In 1939, Crockett became the first African American lawyer in the U.S. department of labor. He was one of the first hearing examiners in the Fair Employment Practices Commission. Crockett's early involvement in Labor Law led to his founding and directing the Fair Employment Practices Department of the International United Auto Workers (UAW) Union in 1944. He also served as treasurer and associate general counsel to the UAW and as assistant to the union's secretary-treasurer.
After leaving the UAW, Crockett returned to private practice with the law firm of Goodman, Crockett, Eden, and Rob, where he was a partner from 1946 to 1966. He remained active in the civil rights and labor movements throughout his career.
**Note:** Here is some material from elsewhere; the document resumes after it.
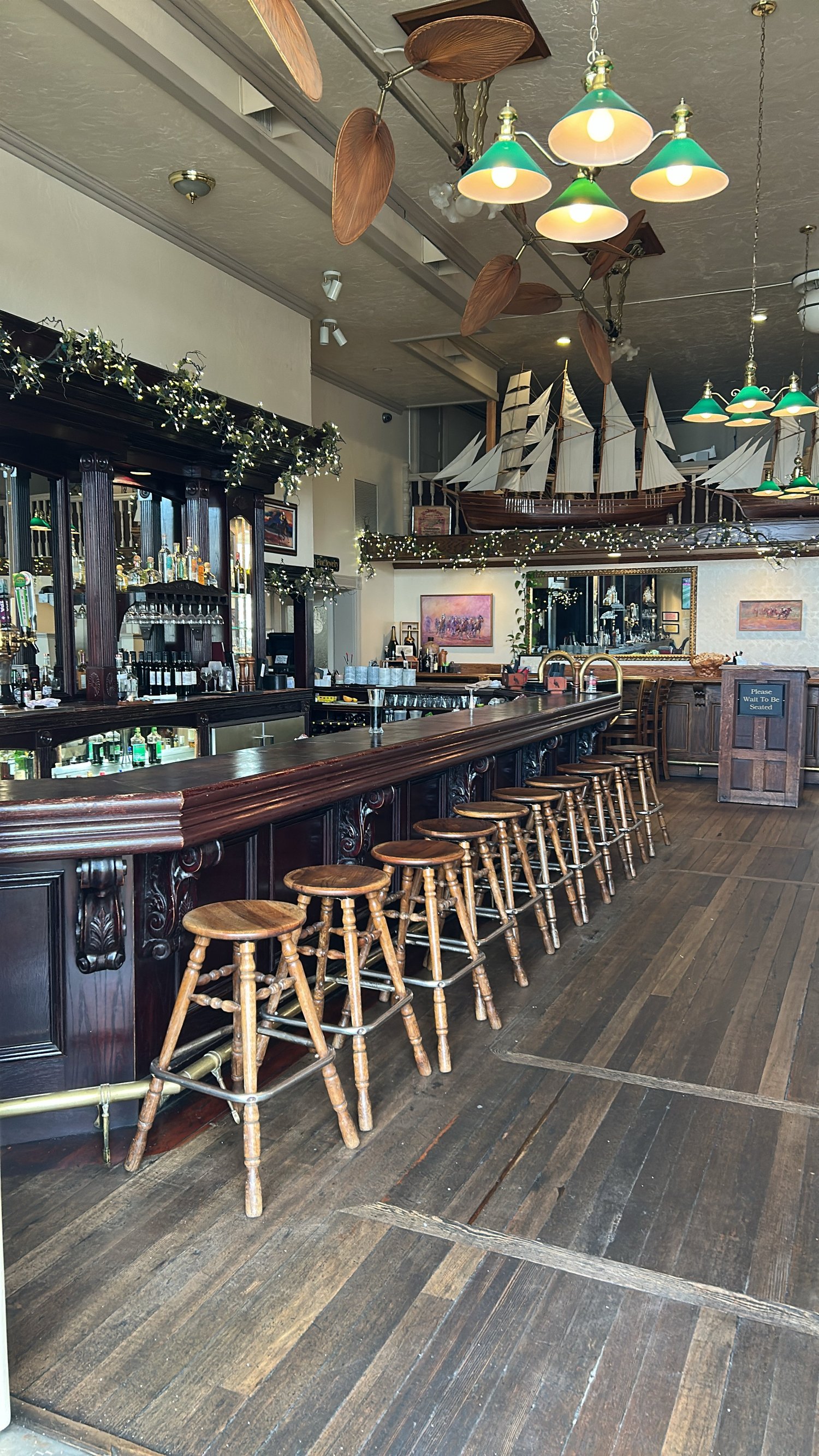 Village Pub | Serving simple, delicious food inspired by pubs & bistros ...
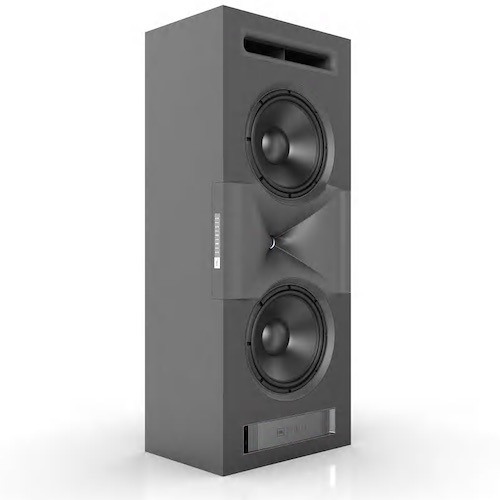 JBL SCL-1 custom LCR speaker, JBL SCL custom loudspeakers, JBL Synthesis speakers vancouver, high-end audio vancouver, high-performance home theatre vancouver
In the 1949 Foley Square trial, he defended several members of the U.S. Communist Party against charges of un-American activities. (United States v. Foster, 9 F.R.D. 367 [S.D.N.Y.]). Crockett's clients, along with many codefendants, were charged with conspiracy to advocate the overthrow or destruction of the government by force or violence and conspiracy to organize the Communist Party as a society advocating such overthrow or destruction. During the trial, he railed against what he thought were the judge's abuses of his clients' rights. His refusal to back down earned him a Contempt citation (United States v. Sacher, 9 F.R.D. 394 [S.D.N.Y.]). His conviction and sentence for contempt were upheld on appeal, 182 F.2d 416 (2nd Cir.), and he spent four months in the penitentiary at Ashland, Kentucky, in 1952. While serving his prison term, Crockett wrote to his son that prison is a good place to learn patience because the relentless passage of time teaches the value of persistence. Crockett's patience was severely tested after his return from prison when he was ostracized and forced to fight a move to disbar him. Because of his involvement in the Foley Square trial, the labor movement, and the Civil Rights Movement, he was labeled a communist sympathizer. However, in 1963, when President john f. kennedy planned a meeting of civil rights lawyers at the White House, Crockett's name was on the list of those the president wanted to attend. To be allowed into the White House, Crockett had to be investigated by the Federal Bureau of Investigation, which finally granted him a security clearance.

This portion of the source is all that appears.